# Alte DAM Quick und andere Dachbodenfunde



## Trickyfisher (23. Januar 2022)

Hallo Kollegen
Ein alter freund hat seinen Dachboden ausgemistet und dabei ein paar Angel Antiquitäten gefunden. Er wollte eigentlich alles wegschmeissen aber ich konnts gerade noch retten.
Ich hab keine Verwendung dafür, bin aber sicher, dass es dafür Liebhaber geben wird, die damit was anfangen können.

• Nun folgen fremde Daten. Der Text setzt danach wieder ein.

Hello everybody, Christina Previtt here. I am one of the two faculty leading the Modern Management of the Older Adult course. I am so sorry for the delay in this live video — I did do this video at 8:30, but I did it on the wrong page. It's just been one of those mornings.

Ich hab allerdings auch keine Ahnung, was sowas wert sein könnte, schaut euch das mal an, sind wirklich ein paar ausgefallene Sachen darunter.
Angeblich wurde das alles mal für seinen Vater zum Geburtstag gekauft, der dann aber krank wurde und die sachen nie verwendet hat.
Da wäre mal eine Rolle DAM Quick 














Am letzten Bild ist zu sehen, dass leider mal der vordere Teil des Fußes abgebrochen ist, passt aber trotzdem in einen rollenhalter rein.
Die Rolle wara uch einer alten Telerute von Daiwa Cosmo, 2,3m, 50-150g, die wird wohl nix mehr wert sein.
Dazu gabs noch ein echtes Unikat, eine Rute aus Stahl mit 2 Ringen, Griffgeteilt, 120cm lang (im Rollenhalter dürfte der abgebrochene Teil des Rollenfußes stecken).

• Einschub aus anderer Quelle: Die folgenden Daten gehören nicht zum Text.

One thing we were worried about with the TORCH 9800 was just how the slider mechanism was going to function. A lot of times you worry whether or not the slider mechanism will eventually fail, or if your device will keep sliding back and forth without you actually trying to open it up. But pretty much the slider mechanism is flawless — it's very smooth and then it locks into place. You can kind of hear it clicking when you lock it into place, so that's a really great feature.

Dann gabs noch diesen alten Kescher aus Metall dazu, der durch einen Gaff getauscht werden kann.










Dazu noch einen schönen alten Angler und Jäger Rucksack, erstklassiger Zustand, wie neu.

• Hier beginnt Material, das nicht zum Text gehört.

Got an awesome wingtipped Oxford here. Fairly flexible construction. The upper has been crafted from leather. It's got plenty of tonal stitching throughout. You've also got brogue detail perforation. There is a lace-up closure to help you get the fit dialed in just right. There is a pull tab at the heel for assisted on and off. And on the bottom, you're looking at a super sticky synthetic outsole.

Und noch ein paar sachen "Kleinzeugs", die sich sicher gut als Deko in einen Vereinsheim oder Kellerstüberl machen würden







Und hier nochmal das "Gesamtpaket".




Irgendwie faszinierend, wie die Technik sich entwickelt hat, dieser Fund war fast sowas wie ein Fenster in die gute, alte Zeit.
Wäre schön, wenn mir jemand ein bischen was zu diesen Fundstücken sagen könnte, auch, was das alles ca. wert sein könnte und sollte ein Sammler unter euch Interesse haben, meldet euch bitte.
TL
Johannes


----------



## Bilch (25. Januar 2022)

Von der Rolle - es ist eine DAM Quick Super - habe ich vor einiger Zeit einen Beitrag gepostet. Deine ist mit Zählwerk, was sie für die Sammler interessanter macht, aber der beschädigte Rollenfuss senkt leider den Preis (OVP und Papiere würden den Preis aber wiederum steigern). Nur die Rolle würde wahrscheinlich um die 30 Euro bringen.
Von den anderen Sachen habe ich leider nicht viel Ahnung, haben aber IMHO keinen sehr großen Wert.


----------



## eiszeit (25. Januar 2022)

Trickyfisher schrieb:


> Wäre schön, wenn mir jemand ein bischen was zu diesen Fundstücken sagen könnte, auch, was das alles ca. wert sein könnte und sollte ein Sammler unter euch Interesse haben, meldet euch bitte.
> TL
> Johannes


Hallo Johannes,

ist es ein Yard oder Meter-Zählwerk? Was steht denn für eine Rollenummer drauf?

Grüße


----------



## Trickyfisher (25. Januar 2022)

Dürfte ein m Zählwerk sein.
Nummer ist 019405


----------



## eiszeit (25. Januar 2022)

Trickyfisher schrieb:


> Dürfte ein m Zählwerk sein.
> Nummer ist 019405


Danke


----------